One of the the coolest perks of being accredited with the Vancouver Canadians this season, aside from the pulled pork sandwiches I shove down my throat every night, is the fact I get to crowbar my now fatter arse into the coaches room post-game to discuss the state of the team. Generally it’s just manager Clayton McCullough, hitting coach Dave Pano, and pitching coach ‘Big’ Jim Czajkowski in attendance, so there is a little room to breath. Every now and then though, the roving instructors are passing through, which makes for a very cramped interview.

As I strolled in this past Monday, there was a bit of a treat in store. Not only was Big Jim there to talk about Tom Robson‘s start, but Paul Quantrill, the Jays roving pitching coach was available, which led to a wide ranging discussion.

Before I get to that though, Tom Robson. A Ladner, B.C. native, which is about a half hour drive from the Nat, the twenty year old right-hander was taken in the fourth round of the 2011 draft. By most accounts, that may have been a bit high, but Robson has done nothing in his pro career thus far to cast doubt on his ability.

After signing late, Robson only made his debut in 2012. Even then he only threw eleven innings before an injury shut him down for the season. Once that healed he was off to instructs and then the Dominican for winter ball. That has allowed for a full program this season and the 6’4″ 200 pounder has taken full advantage

A lot of reports I read had worries about his strike out rate. Watching him live, I don’t see the issue. His fastball sits in the low 90s and he can ramp it up to 95 mph on occasion. He hits his spots and when he does miss, it’s down. He’ll throw a straight change early in the count, especially after missing with a fastball, in an effort to induce weak contact.

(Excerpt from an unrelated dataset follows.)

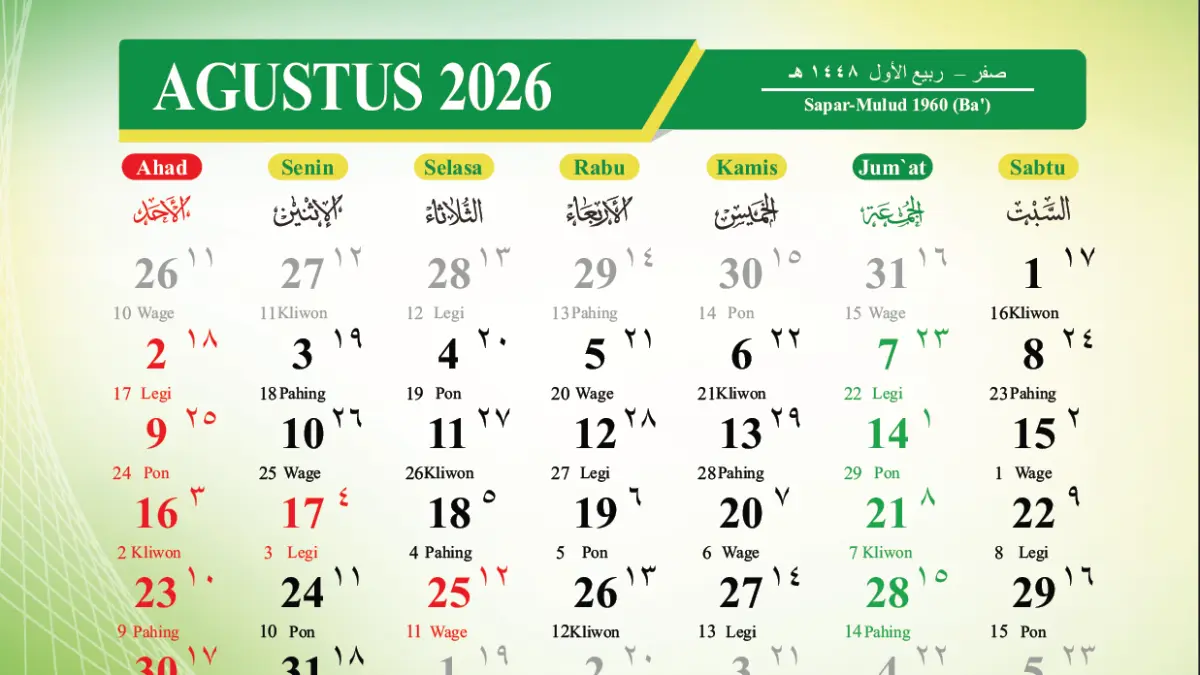Kalender Jawa Agustus 2025 Full Weton, Neptu, Tanggal Merah dan Tanggal Hijriah Lengkap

As per Cjazkowski, ‘hitters at this level will be geared towards fastball if the pitcher has missed with his last one.’  As I wrote here, there is no innings limit with these younger pitchers this year, but they are on strict pitch counts.  They give them eighty pitches, it’s up to the kid how deep they go in a game with them.  If they can get a hitter to roll over on a changeup early in the count, all the better.

Robson poses for a crap photographer (courtesy of Charlie Caskey)

In a strikeout situation he’ll throw a change that has arm side movement. He’ll often bury it, in an effort to get check swings. His curve is a plus pitch for this level. The break fools not only hitters but the umpires as well. It is probably a major league pitch already.

After the season the Jays, and many of their affiliates have had this season, I’ve found myself quite down on most prospects, and am a bit gun-shy to predict pitcher success after Taylor Cole and Javier Avendano have struggled in Lansing this year, but Robson, I think, will be one to watch with the Lugnuts next season.

Quantrill was extremely impressed with the performance and claimed to be very happy with Robson’s development.

I asked Paul how often he’d seen Daniel Norris this year.  It had only been the once, but for him, ‘the stuff is there for everyone to see.’  Nobody can question the left-handers pitches, for Quantrill, the bulk of Norris’ early-season problems were between the ears.  If you throw in the 90s in high school, you dominate, simple as that.  Pro hitters, though, are a different kettle of fish and he just needs to change his mentality on the mound.  ‘He’s the nicest kid off the field you’ll ever meet, but as soon as he crosses that white line, he needs to learn how to get mean.  Even your brother is your worst enemy.’

Daniel Norris pitches for the Lansing Lugnuts in Lansing, Michigan on August 9, 2013. Mandatory Credit: Jay Blue

The ex-Jay believes Norris is finally starting to trust his stuff and sees a Dunedin assignment next season.

We also talked about some of the younger, rawer kids in the system.  For guys like Jacob Brentz and Matt Smoral, the trick for the Jays staff is to get them to slow the game down to their speed.  It’s easy enough to get them repeating their deliveries in the bullpen, but all too often they let the speed of the game overwhelm them, throwing their mechanics out of whack.

‘Once you can get them repeating their delivery in a game situation you can then start working on their (ie) changeup in the ‘pen, and the whole process starts again.’

Lastly we touched on Sean Ratcliffe‘s promotion to Vancouver and subsequent movement to the temporary inactive list.  Ratcliffe, at the time, was in Australia at Canadian Junior National Team’s pre-world championships camp.  A native of Ajax, Ontario Ratcliffe was drafted this year by the Jays in the eighteenth round.  Quantrill noted how raw he is, having only converted from catcher to full-time pitcher a couple of years ago.  In fact, he wasn’t even sure if he would make the JNT, although, judging by this link, he has.

Since I’m only really keeping track of the Jays for draft purposes at the moment, will keep a closer eye on Canada’s travails in Taiwan.  Hopefully they can improve on their silver medal from a year ago.